Either way, before you start to recruit you will need a detailed job description that will help to not only define the role and recruit the best person for the job but is a document that you can use throughout someone’s employment. A well written job description is crucial if you are going to attract the best talent to join your team.

Keep It Real

Your job description should detail the purpose, tasks and responsibilities of the job and be an accurate reflection of the work involved. That’s the same for job title, for example, Transparency Enhancement Facilitator? No, call it Window Cleaner!

Job Description Framework

These are the things to include:

Title of the job.
Where the role sits within the team, department and wider business
Who the role reports to
Purpose of the job
Key areas of responsibility, main duties, and key results areas
Responsible for
Responsible to (reporting relationship).
When you are listing the main tasks of the job use active verbs such as analysing, reporting, repairing – rather than “dealing with” or “coordinating”; describe what the person will actually to be doing.
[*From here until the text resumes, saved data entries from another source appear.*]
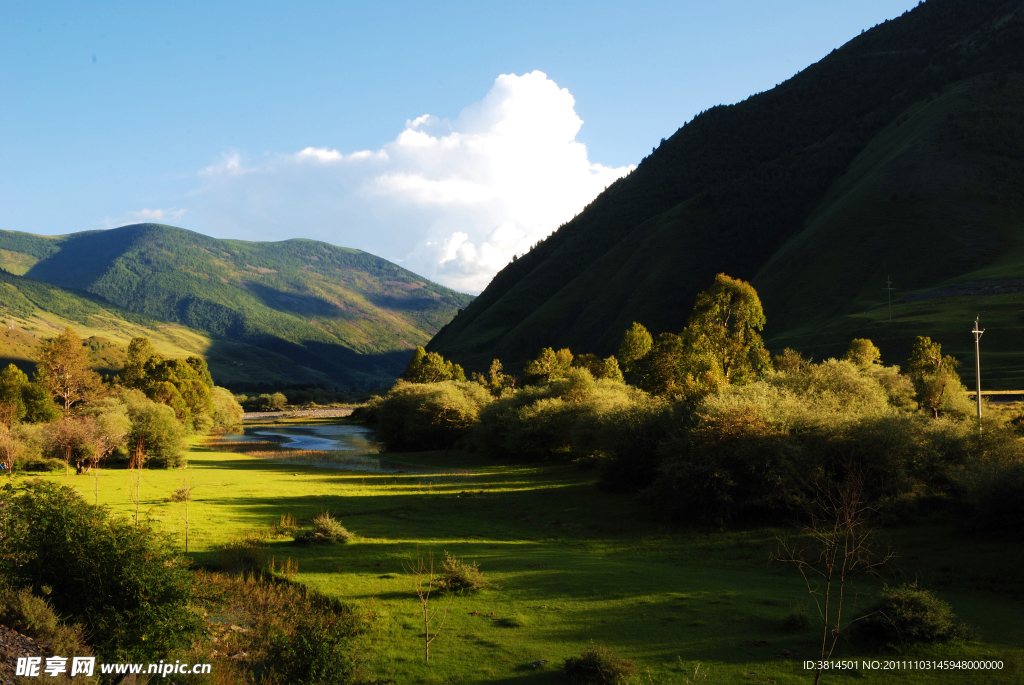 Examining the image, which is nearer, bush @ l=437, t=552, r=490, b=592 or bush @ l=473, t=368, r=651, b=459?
bush @ l=437, t=552, r=490, b=592

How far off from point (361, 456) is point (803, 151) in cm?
18170

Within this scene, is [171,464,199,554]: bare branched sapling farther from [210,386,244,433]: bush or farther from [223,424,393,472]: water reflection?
[210,386,244,433]: bush

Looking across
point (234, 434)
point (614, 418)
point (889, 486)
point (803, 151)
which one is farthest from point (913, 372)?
point (803, 151)

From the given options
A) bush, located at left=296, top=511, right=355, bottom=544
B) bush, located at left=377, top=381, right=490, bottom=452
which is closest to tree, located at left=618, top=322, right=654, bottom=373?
bush, located at left=377, top=381, right=490, bottom=452

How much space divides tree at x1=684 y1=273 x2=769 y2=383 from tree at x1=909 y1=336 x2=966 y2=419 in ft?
44.2

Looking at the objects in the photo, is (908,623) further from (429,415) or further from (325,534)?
(429,415)

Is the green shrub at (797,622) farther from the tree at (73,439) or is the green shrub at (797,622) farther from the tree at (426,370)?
the tree at (426,370)

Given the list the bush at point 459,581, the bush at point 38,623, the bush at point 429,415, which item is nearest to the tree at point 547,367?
the bush at point 429,415

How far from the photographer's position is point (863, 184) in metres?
155

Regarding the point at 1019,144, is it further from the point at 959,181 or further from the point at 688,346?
the point at 688,346

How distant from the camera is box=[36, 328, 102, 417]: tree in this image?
224ft

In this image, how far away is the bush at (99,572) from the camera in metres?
13.6

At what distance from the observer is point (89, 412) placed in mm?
52031

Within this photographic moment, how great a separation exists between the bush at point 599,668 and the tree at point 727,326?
39677 millimetres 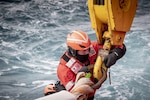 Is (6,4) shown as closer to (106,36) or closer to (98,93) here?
(98,93)

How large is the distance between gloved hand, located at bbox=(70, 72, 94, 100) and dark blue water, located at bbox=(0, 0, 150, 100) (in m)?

It’s important to expand a little on these main tasks, such as “analysing and reporting to Sales Manager on sales figures using the CRM system”

Try and convey who you are as a business, what are your values, what is the culture? It all helps potential new recruits to see themselves working in the role!

Avoid using jargon or terminology that is only known within your company. For example – we use CRM reporting as an example earlier. If your company database is called ‘OSCAR’ within the business, don’t say using ‘OSCAR’ to produce company reports’, potential candidates will have no idea who – or what – OSCAR is!

Review

Review regularly, annually ideally. Your business is ever changing and so job description need to reflect this and the changes that brings and as we mentioned earlier, good job descriptions can be invaluable in not only attracting and recruiting your new employee but for use during reviews/appraisals and supporting, developing and retaining your employees.